Friday, May 21, 2010

365 Days Later

I hit a major milestone today: 365 days ago I arrived in China (I'll call it my China-versary). It's been one year since I said "zai jian" (see you later) to America, boarded a plane, and headed overseas. And what a year it has been.

I've learned more and experienced more than some people do in their entire lives. Engulfed in a culture vastly different and foreign to my roots in Pennsylvania's Coal Region, I've established myself as an expat and not a tourist.

I came -- like so many explorers and travelers of old -- looking for adventure, something to break free from the mundane cycle I'd fallen into in the last four years at college (class, eat, drink, drink, sleep, repeat). I wanted to experience something great before finding a job and officially rising to that status of "adult". A two-month internship in China would provide two things: the chance to work at an international publication and give my resume a boost; and essentially a summer vacation in a country I'd always wanted to visit. Work and play at the same time, who could beat that?

And one year later, despite running into numerous challenges in terms of breaching the language barrier and feeling comfortable in Beijing, I still love this country. So, here's to year two!

Thursday, May 20, 2010

One if by Land, Two if by Shanghai

Having lived in Beijing for almost a year, and only visiting neighboring Tianjin and Xi’an in Shaanxi Province, I’ve grown accustomed to cities shorter in stature – those rich in history and culture but lacking the skyscrapers and other structural symbols of a modern age metropolis found in cities stateside.

A week before the World Expo 2010 I was sent to Shanghai on business – we’d be filming a video to promote the city for the world event -- and witnessed another side of China I’d yet to see.

For the video, we – a French and Japanese foreign expert, and three-person Chinese film crew, in addition to myself -- would be visiting various locations across the city. I would be acting as a host, introducing each structure, venue or tourist spot as the cameras rolled.

We spent the first morning of filming along the Bund area, later moving across the river to Pudong, Shanghai’s prosperous commercial and financial area. For this segment, we’d be filming in the Shanghai World Financial Center, the tallest building in China at almost 500 meters, or 1,640 feet. Our ears popped as we took the elevator to the observation platform on the 100th floor.

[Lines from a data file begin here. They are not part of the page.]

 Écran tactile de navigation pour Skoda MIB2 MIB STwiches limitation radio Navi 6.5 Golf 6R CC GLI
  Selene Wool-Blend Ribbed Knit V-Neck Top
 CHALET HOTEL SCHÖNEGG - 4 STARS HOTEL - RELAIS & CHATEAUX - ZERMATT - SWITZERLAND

My face had started to hurt by late afternoon and I realized I’d been sunburned. The sun that day had been shrouded in a layer of smog – I’d felt the heat but didn’t realize my face was frying.

The second day of filming included a trip to Chenghuang Temple, a former place of worship now converted into a major tourist hub, and other smaller relics around the city. At each spot, large crowds of people encircled us with great interest. I told a Chinese couple that our French foreign expert was a famous French news reporter. They immediately pulled out their cameras and started taking pictures. The final shoot would be at Nanjing Road, a shopping area similar to Times Square with lots of large, illuminated signs and things to buy. Aside from all the Chinese people, I could have easily mistaken the area for New York City.

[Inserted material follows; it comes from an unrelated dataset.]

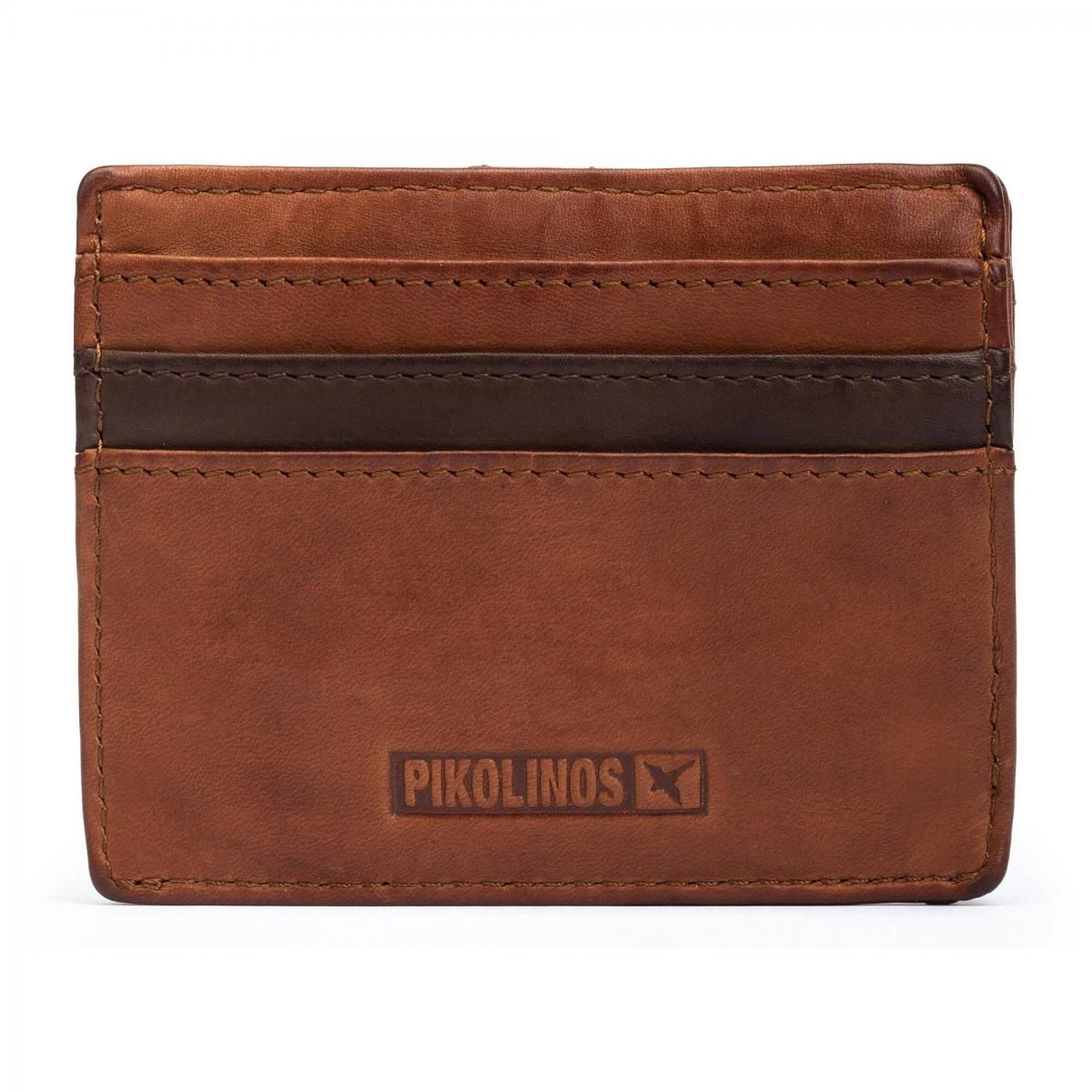 피콜리노스 클래식 레더 카드지갑 남성 MAC-W127 COGNAC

But the highlight of my trip wasn’t the bright lights of Shanghai’s entertainment scenes, looking out across the city from an observation platform on the tallest building in China, or even the short-lived fan base we enjoyed at each shooting location -- it was a photo I took while having lunch at Chenghuang Temple that so amazed me. Through a window, I could see winding bridges and ancient temple structures – remnants of Shanghai’s past -- while in the distance stood the Jin Mao Tower and Shanghai World Financial Center – two monoliths of the modern era.

Granted, the city has been spruced up for the Expo, but the combination of ancient Eastern culture with modern Western pizzazz was nonetheless impressive.

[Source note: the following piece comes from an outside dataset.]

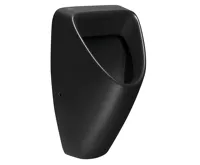 CERASTYLE SCHWARN BLACK keramický urinál, zadní přívod, zadní odpad, černá mat CERASTYLE SCHWARN BLACK keramický urinál, zadní přívod, zadní odpad, černá mat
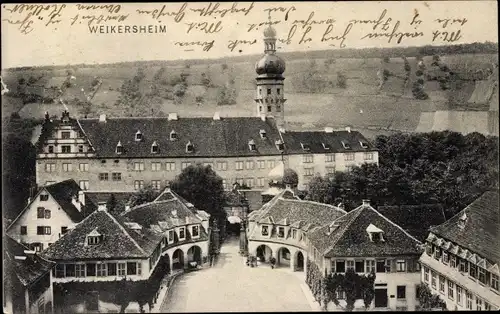 Ak Weikersheim in Württemberg, Schloss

By the end of the trip, I was exhausted, but glad to have been given the opportunity to finally visit Shanghai. I’d originally planned to make the trip last September, but as luck would have it, I started working for Beijing Review instead. And had I gone last year, it would have been on my own yuan – this trip was paid for by my company.

THE EXPERTS: The foreign experts on the trip stand in front of the Bund area. The Bund sits along the Huangpu River and is home to various buildings of Western architecture

MR. POPULAR: A crowd gathers around our French foreign expert

SKY SPIRE: The iconic Oriental Pearl TV Tower in Pudong District

GUMBY?: The Shanghai World Expo mascot Haibao looks a lot like a certain green clay-mation character from the States

NIGHT SHOT: We record along one of the many entertain venues in Shanghai

OLD MEETS NEW: Tourists walk along the wooden paths at Chenghuang Temple. The Shanghai World Financial Center and other tall buildings of Pudong District can be seen in the background

REACH FOR THE SKY: The Shanghai World Financial Center rises to the heavens

RED FACE, BRIGHT LIGHTS: The Bund at night. Notice my abnormally red face, compliments of Shanghai's smog and sun

LUNCH BREAK: The film crew takes a break to enjoy a local snack, small steamed buns filled with meat and vegetables, at Chenghuang Temple

Saturday, May 15, 2010

Meet the Parent, and Brother

BLOGGER'S NOTE: This is the third in a three-part series about the Beijing Blogger’s mom and brother’s recent visit to China.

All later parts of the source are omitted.